Another closely related Lasso-type method is SLasso proposed by Sun and Zhang (2013). By inducing a noise level, the SLasso is tuning-free by iteratively estimating the noise level. For the normal distribution, Sun and Zhang (2013) derived the optimal error bounds under the alternative weak sparsity condition, i.e., the capped \(\ell _1\) measure. The key ideas of SLasso and SCIO are quite similar, e.g., the SLasso for fixed noise level \(\sigma \) is the same as the SCIO by setting \({\hat{\beta }}_{jj}=-1\). It would be interesting to compare these two methods from both the computation complexity and the performance of the estimators. We implement the R package “scalreg” provided by Sun and Zhang (2013) and it is not very efficient which prevents us from conducting the comparison experiment. From the original paper of Sun and Zhang (2013), SLasso has improvements over CLIME for most cases. This improvement is due to adaptive choice of the penalty level for each column of the precision matrix. Actually, we can also use different tuning parameters for each column in SCIO (or CLIME) and it is expected to obtain some improvements. Another interesting question is how to exploit the noise level into complicated cases, e.g., the heavy-tailed data, the non-paranormal data, and the matrix variate data. We leave these questions as a future work.

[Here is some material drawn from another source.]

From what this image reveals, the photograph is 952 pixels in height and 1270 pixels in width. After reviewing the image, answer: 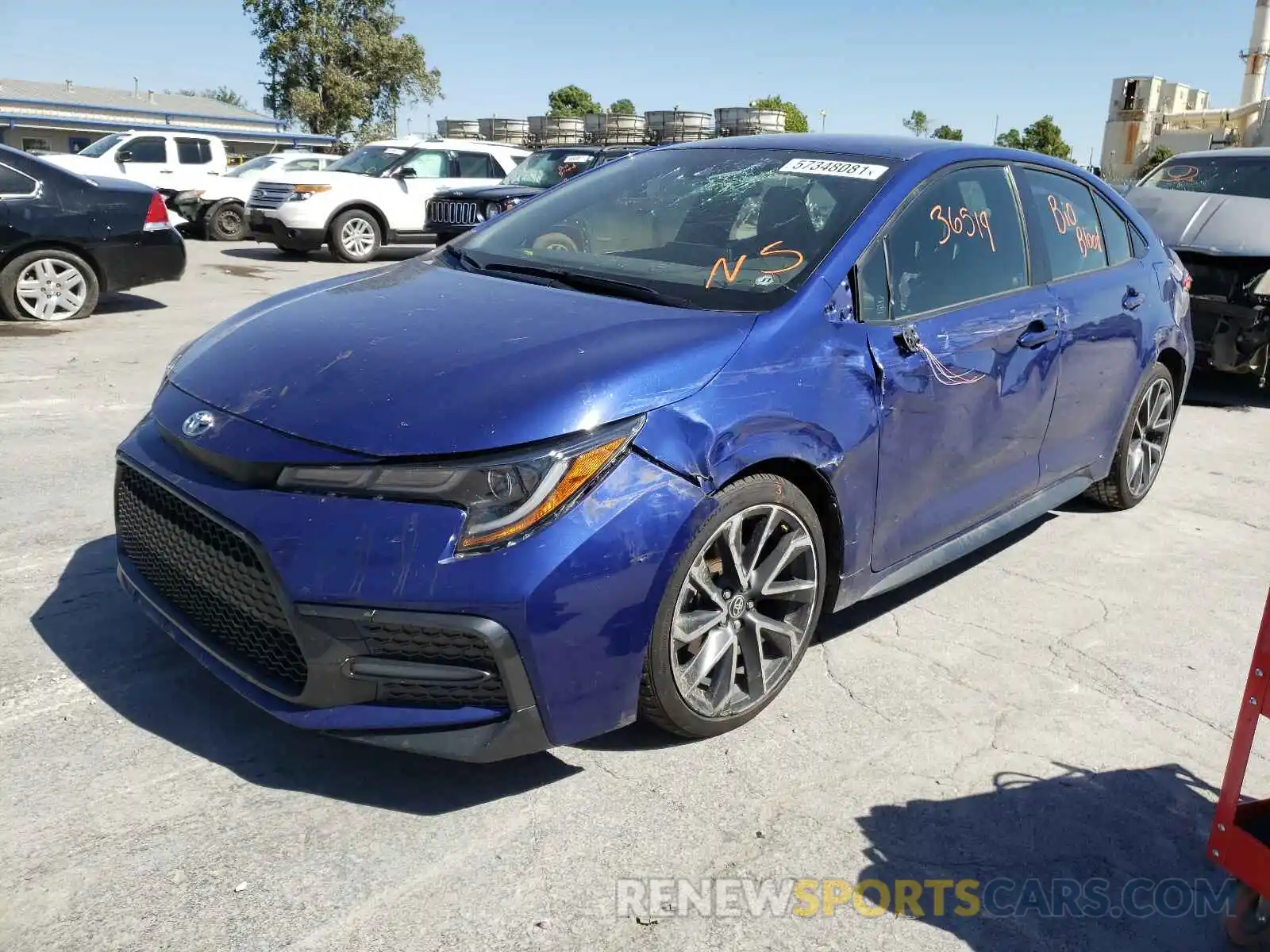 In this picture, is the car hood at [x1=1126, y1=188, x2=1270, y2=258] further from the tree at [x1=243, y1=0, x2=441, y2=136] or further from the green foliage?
the green foliage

For other Lasso-type methods such as the graphical Lasso and D-trace, they are not in a column-by-column form. Although they have been shown to be consistent under the \(\ell _0\) sparsity condition, the extension to the \(\ell _q\) sparsity is not trivial and our current technique can not be implemented directly. It is still of interest whether optimal rates can be established under the weak sparse case for the graphical Lasso and D-trace. Moreover, for other statistical problems such as the discriminant analysis problem, the misclassification rate measures the performance of the method and we can use our current technique to derive its error bounds under the general \(\ell _q\) sparsity condition. Specifically, it is possible to show that some Lasso-type methods for the discriminant analysis such as Fan et al. (2012) or Mai et al. (2012) are still applicable for the weak sparse case. We leave these problems for future works.